Part of the appreciation for the Pythonic aesthetic is that it is OK to have healthy debates about which solution is better. It is even OK to disagree and keep programming. It is even OK to agree to disagree for the sake of harmony. But beneath it all, there has to be a feeling that, eventually, the right solution will come to light. There must be the hope that eventually we can live in true harmony by agreeing on the best way to achieve a goal.
Although that way may not be obvious at first (unless you're Dutch).
This is an important caveat: It is often not obvious, at first, what is the best way to achieve a task. Ideas are evolving. Python is evolving. The best way to read a file block-by-block is, probably, to wait until Python 3.8 and use the walrus operator.
This common task, reading a file block-by-block, did not have a "single best way to do it" for almost 30 years of Python's existence.
When I started using Python in 1998 with Python 1.5.2, there was no single best way to read a file line-by-line. For many years, the best way to know if a dictionary had a key was to use .haskey until the in operator became the best way.
It is only by appreciating that sometimes, finding the one (and only one) way of achieving a goal can take 30 years of trying out alternatives that Python can keep aiming to find those ways. This view of history, where 30 years is an acceptable time for something to take, often feels foreign to people in the United States, when the country has existed for just over 200 years.
The Dutch, whether it's Python creator Guido van Rossum or famous computer scientist Edsger W. Dijkstra, have a different worldview according to this part of the Zen of Python. A certain European appreciation for time is essential.
Now is better than never.
There is always the temptation to delay things until they are perfect. They will never be perfect, though. When they look "ready" enough, that is when it is time to take the plunge and put them out there. Ultimately, a change always happens at some now: the only thing that delaying does is move it to a future person's "now."

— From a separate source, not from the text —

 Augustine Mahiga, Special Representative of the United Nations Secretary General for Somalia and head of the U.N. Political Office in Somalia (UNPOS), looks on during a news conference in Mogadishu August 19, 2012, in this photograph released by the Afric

Although never is often better than right now.
This, however, does not mean things should be rushed. Decide the criteria for release in terms of testing, documentation, user feedback, and so on. "Right now," as in before the change is ready, is not a good time.
This is a good lesson not just for popular languages like Python, but also for your personal little open source project.
If the implementation is hard to explain, it's a bad idea.
The most important thing about programming languages is predictability. Sometimes we explain the semantics of a certain construct in terms of abstract programming models, which do not correspond exactly to the implementation. However, the best of all explanations just explains the implementation.
If the implementation is hard to explain, it means the avenue is impossible.
If the implementation is easy to explain, it may be a good idea.
Just because something is easy does not mean it is worthwhile. However, once it is explained, it is much easier to judge whether it is a good idea.
This is why the second half of this principle intentionally equivocates: nothing is certain to be a good idea, but it always allows people to have that discussion.
Namespaces in Python
Python uses namespaces for everything. Though simple, they are sparse data utructures -- which is often the best way to achieve a goal.
Modules are namespaces. This means that correctly predicting module semantics often just requires familiarity with how Python namespaces work. Classes are namespaces. Objects are namespaces. Functions have access to their local namespace, their parent namespace, and the global namespace.
The simple model, where the . operator accesses an object, which in turn will usually, but not always, do some sort of dictionary lookup, makes Python hard to optimize, but easy to explain.
Indeed, some third-party modules take this guideline and run with it. For example, the variants package turns functions into namespaces of "related functionality." It is a good example of how the Zen of Python can inspire new abstractions.